This paper investigates the asymptotics of the maximal throughput of communication over AWGN channels by $n$ channel uses under a covert constraint in terms of an upper bound $\delta$ of Kullback-Leibler divergence (KL divergence). It is shown that the first and second order asymptotics of the maximal throughput are $\sqrt{n\delta \log e}$ and $(2)^{1/2}(n\delta)^{1/4}(\log e)^{3/4}\cdot Q^{-1}(\epsilon)$, respectively. The technique we use in the achievability is quasi-$\varepsilon$-neighborhood notion from information geometry. We prove that if the generating distribution of the codebook is close to Dirac measure in the weak sense, then the corresponding output distribution at the adversary satisfies covert constraint in terms of most common divergences. This helps link the local differential geometry of the distribution of noise with covert constraint. For the converse, the optimality of Gaussian distribution for minimizing KL divergence under second order moment constraint is extended from dimension $1$ to dimension $n$. It helps to establish the upper bound on the average power of the code to satisfy the covert constraint, which further leads to the direct converse bound in terms of covert metric.
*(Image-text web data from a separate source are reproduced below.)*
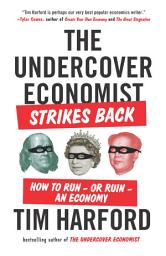 Icon image The Undercover Economist Strikes Back: How to Run--or Ruin--an Economy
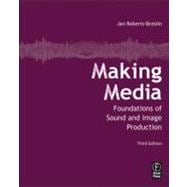 Making Media: Foundations of Sound and Image Production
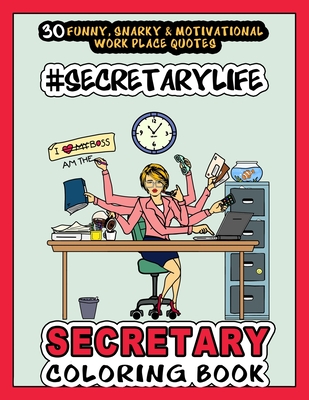 # Secretary Life - SECRETARY COLORING BOOK: More than 30 Funny, Snarky & Motivational Workplace Quotes inside this Adult Coloring book For Secretaries Includes awesome color pages for Appreciation, Anti Stress, Inspiration and Relaxation. - Publishing, Jobarts4u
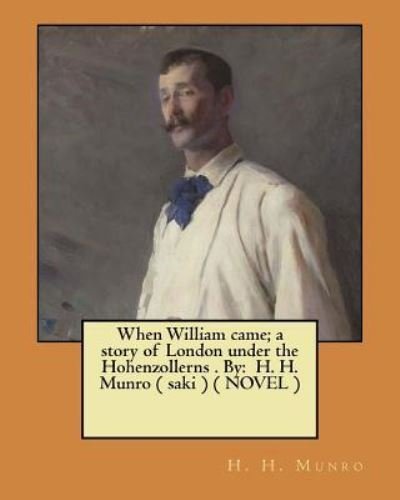 When William came; a story of London under the Hohenzollerns . By - H H Munro - Livros - Createspace Independent Publishing Platf - 9781974359073 - 8 de agosto de 2017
翻译：本文研究了在Kullback-Leibler散度（KL散度）上界δ的隐蔽约束条件下，通过n次信道使用在AWGN信道中实现最大吞吐量的渐近特性。研究表明，最大吞吐量的一阶和二阶渐近量分别为√(nδ log e)和(2)^{1/2}(nδ)^{1/4}(log e)^{3/4}·Q^{-1}(ε)。在可达性证明中，我们采用了信息几何中的准ε邻域概念。我们证明：若码本生成分布在弱收敛意义上接近狄拉克测度，则对手端对应的输出分布满足基于最常用散度的隐蔽约束。这一结论有助于建立噪声分布的局部微分几何与隐蔽约束之间的关联。在逆定理方面，我们将二阶矩约束下最小化KL散度的高斯分布最优性从一维推广至n维，从而建立满足隐蔽约束的码字平均功率上界，并进一步推导出基于隐蔽度量的直接逆界。